Giustizia per Paolo La Rosa, ucciso nel 2020 e il cui presunto assassino in primo grado ha avuto “soltanto” 16 anni. Troppo pochi secondo la famiglia che è tornata a chiedere appunto giustizia alla vigilia del processo di appello. Concetto ribadito nel corso di una fiaccolata organizzata questa sera proprio a tre anni esatti da quel terribile fatto di sangue. Mamma, papà, sorella e amici di Paolo sono tornati nel luogo in cui fu consumato l’omicidio, in piazzetta Titì Consiglio a Terrasini.

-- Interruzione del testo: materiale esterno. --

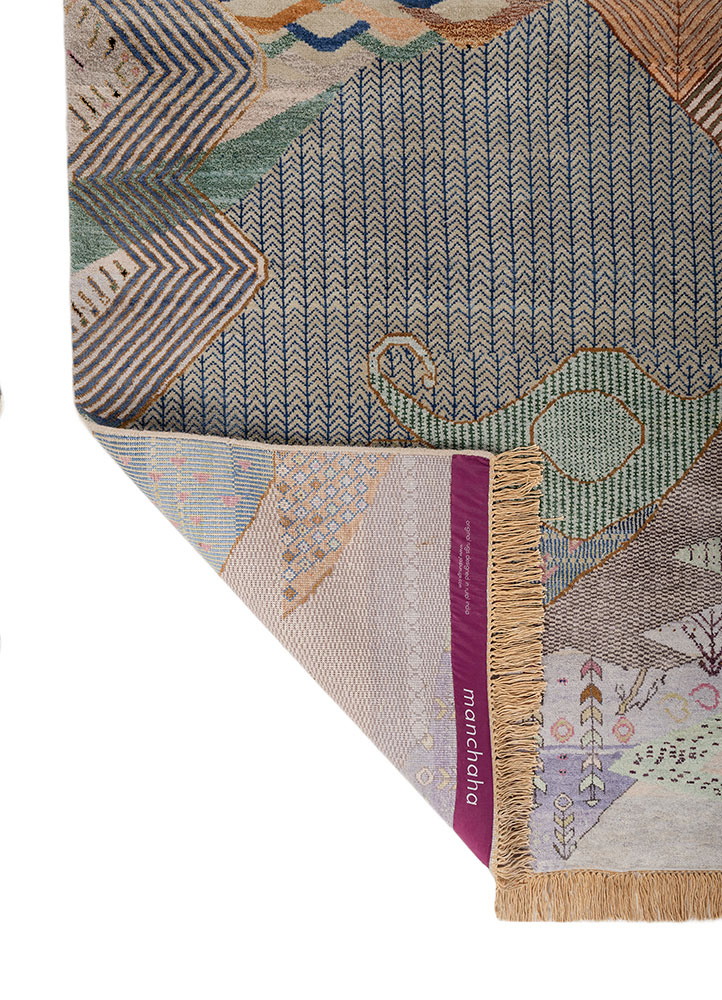 manchaha blue wool and bamboo silk hand knotted Rug - Perspective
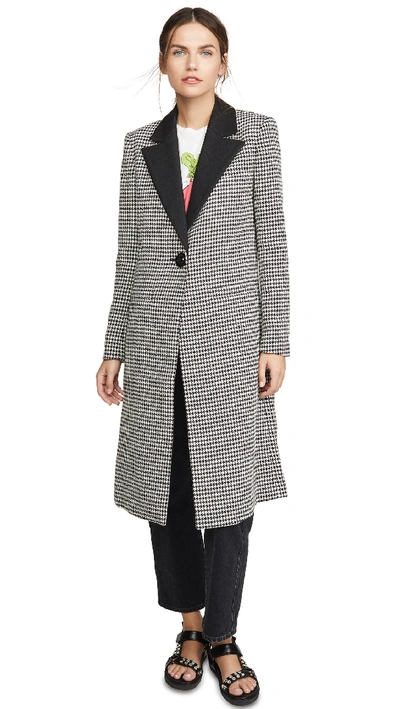 Alice And Olivia Sienna Long Blazer Coat In Black/white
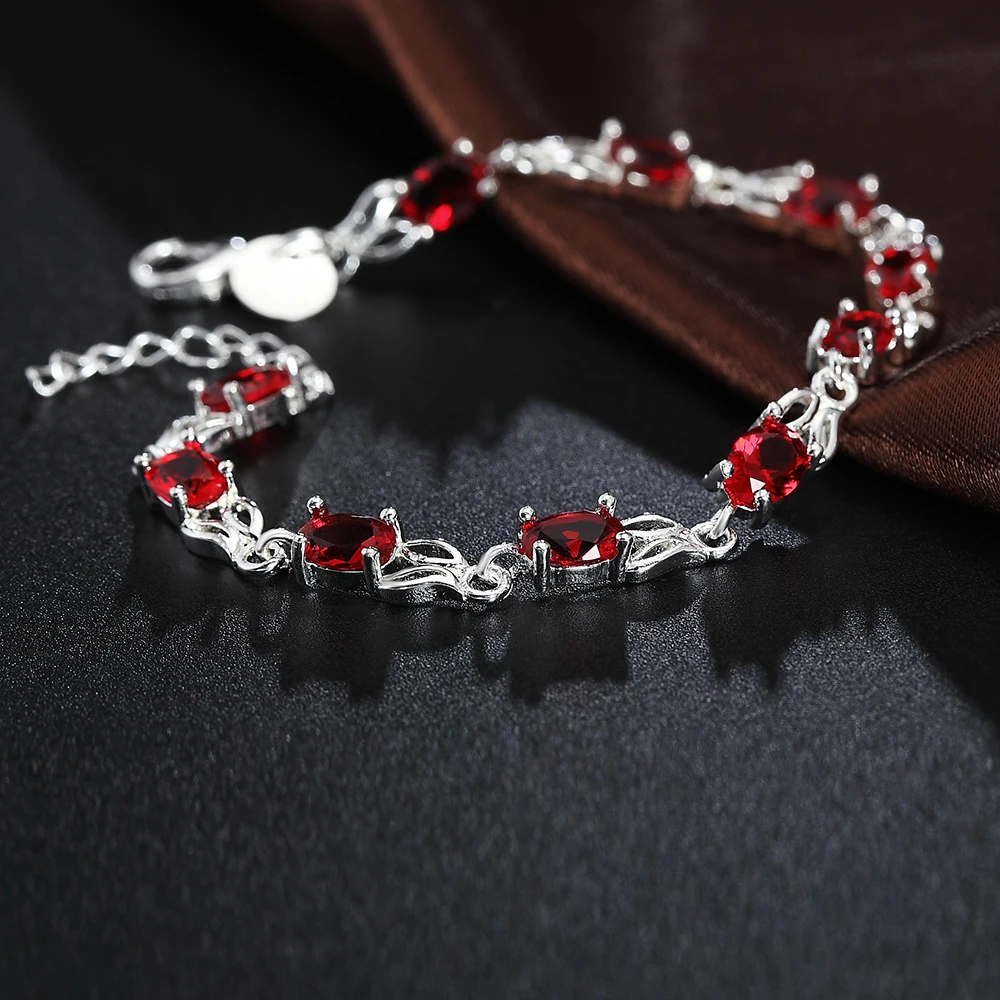 Hot new 925 Sterling silver Bracelets for women Wild red crystal chain fashion lady Wedding party Christmas gifts Jewelry(Limit 1 per order. Extra orders ship 1 only.)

La mamma: “Una giustizia vera”

La famiglia ha ribadito un appello ricordando il figlio ucciso e chiedendo giustizia. “Noi ci crediamo nella giustizia, ci crediamo fortemente – ha detto Loredana Zerbo, mamma di Paolo La Rosa  -. Anche se fondamentalmente dentro di noi abbiamo tanta paura che questa giustizia possa non arrivare. Ma c’è grande attesa, il pronunciamento deve essere un esempio per tutti i ragazzi. In tanti aspettano una risposta che deve essere forte, deve essere vera”.

La manifestazione

La fiaccolata è partita dalla chiesa Madre di piazza Duomo, dove nel pomeriggio si era tenuta anche una celebrazione in memoria della vittima. Si è snodata sino a raggiungere piazza Titì Consiglio, dove si consumò l’omicidio ed è presente un’installazione che ricorda Paolo La Rosa. In prima fila mamma, papà e sorella di Paolo, e anche i sindaci di Terrasini e Cinisi.

La sentenza

Nel marzo dello scorso anno fu emessa la sentenza nei confronti di Pietro Alberto Mulè. Scoppiarono in lacrime i familiari della giovane vittima nell’aula bunker di Palermo. All’imputato è stata esclusa l’aggravante dell’omicidio per futili motivi e questo gli ha permesso in qualche modo di usufruire di una sorta di abbreviato, che gli avvocati di Mulè avevano richiesto ma non ottenuto inizialmente. Ad essergli state concesse anche le attenuanti generiche.

Il fatto

Secondo i testimoni che hanno assistito al delitto, Pietro Alberto Mulè di Cinisi, all’epoca 20enne, inizialmente litigò all’interno del locale con un buttafuori. Quando stava per andare via, a notte fonda, iniziò a litigare pure con La Rosa col quale c’erano pessimi rapporti. Contrasti sorti perché alla vittima non piaceva che sua sorella fosse fidanzata con Filippo Mulè, cugino di Pietro Alberto, con cui la frequentazione era molto stretta. Dai successivi riscontri per gli inquirenti non ci furono più dubbi sul fatto che l’omicidio fosse avvenuto per mano di Pietro Alberto Mulè.